The war over, Mr Bannatyne returned to Arran, bought his first lorry and entered the haulage business as Bannatyne Motors in partnership with his cousin Donald. They acquired the Blackwaterfoot garage from the bus operator Ribbeck's and took over haulage contracts from Donald Robertson at Harbour View. In the 1950s they extended their business to haulage to and from the mainland, with a depot in Glasgow.

Besides managing the haulage side of the operation, over the years Mr Bannatyne also established a successful car dealership ("only one careful owner, who only used it to go to church on a Sunday," he would sometimes say, or on seeing a sale slipping away: "Aye it's a really good car I was thinking of keeping it for myself.")

In the early days of Bannatyne Motors, life flourished in other ways. At a dance in Kilmory Hall he met a trainee teacher Jean Gilbert, then working for the season at Lagg Hotel. Their summer romance blossomed and they were married in Glasgow in 1956, setting up home initially in Davaar and then at the well-visited Queenscliff.

Shortly after marriage, Mr Bannatyne was crippled with MS and hospitalised in Killearn Hospital. The outlook was bleak, but a new drug trial resulted in a recovery and lasting remission. Jean was not so fortunate, as her mobility began to suffer and after a period of misdiagnosis she finally underwent surgery to remove a brain tumour. Regrettably, at the age of only 51 she died in 1988. This was a particularly low point for Mr Bannatyne and his sons Donald and David.

He had to come to terms with his loss while also occupied with the merger of Bannatyne Motors and Arran Transport to form Arran Haulage Services. At least in that task son Donald, who was by then a capable partner in the business, was able to assist.

Mr Bannatyne retired at 65 as chairman of Arran Haulage but retained an interest in the business as a director.

Retirement meant a share in a small boat, a daily delivery job taking bloods from the local surgery to the ferry and more time for golf at Shiskine where he enjoyed his tenure as captain.
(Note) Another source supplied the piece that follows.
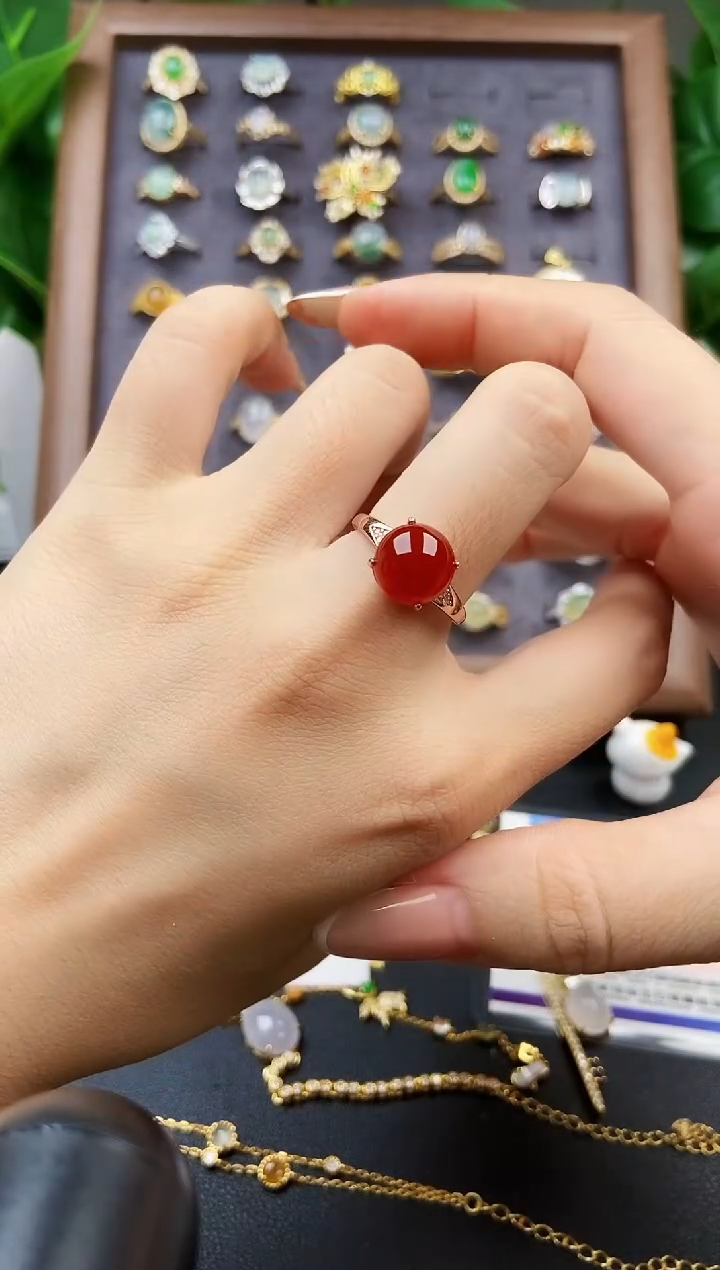 银S925镶嵌戒指玛瑙/玉髓12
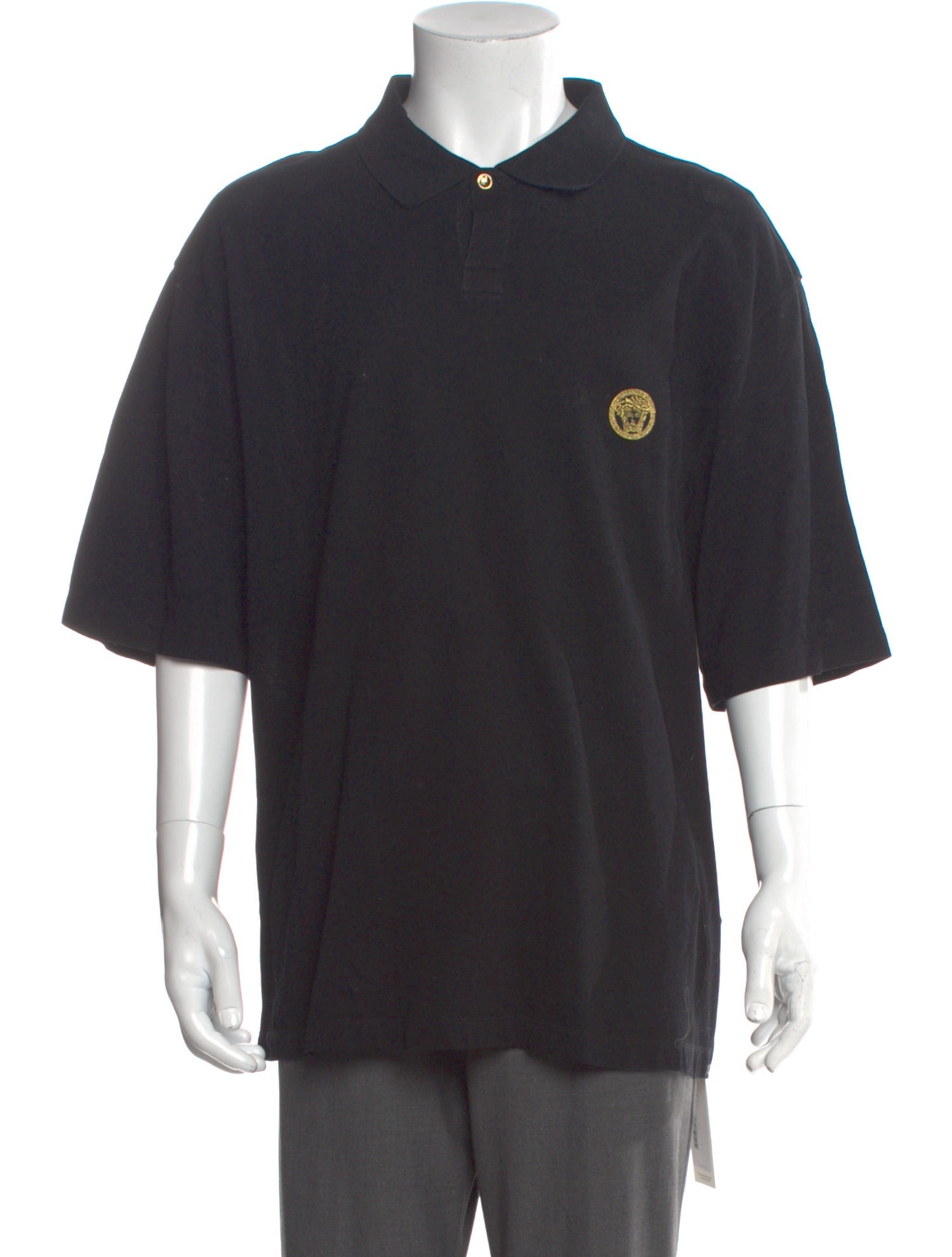 Versace Crew Neck Three-Quarter Sleeve Polo Shirt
After earlier heartbreak, Mr Bannatyne found a second true love in Margo. They married in 1997 and together enjoyed visiting his younger son David in Australia as well as many holidays to Spain.

Serious illness, this time bowel cancer and complications during life-saving surgery, again laid Mr Bannatyne pretty low and his health and memory began to deteriorate. His driving was becoming more erratic and precarious, but taking his licence from him proved testing to say the least. When a doctor at one point broached the subject he was met with "listen sonny I was flying Spitfires before you were even thought of".

Life for Mr Bannatyne became more difficult and loving care from Margo enabled him to remain at home; she died in 2012. Mr Bannatyne was then admitted to Cooriedoon care home.

He is survived by his sons Donald and David.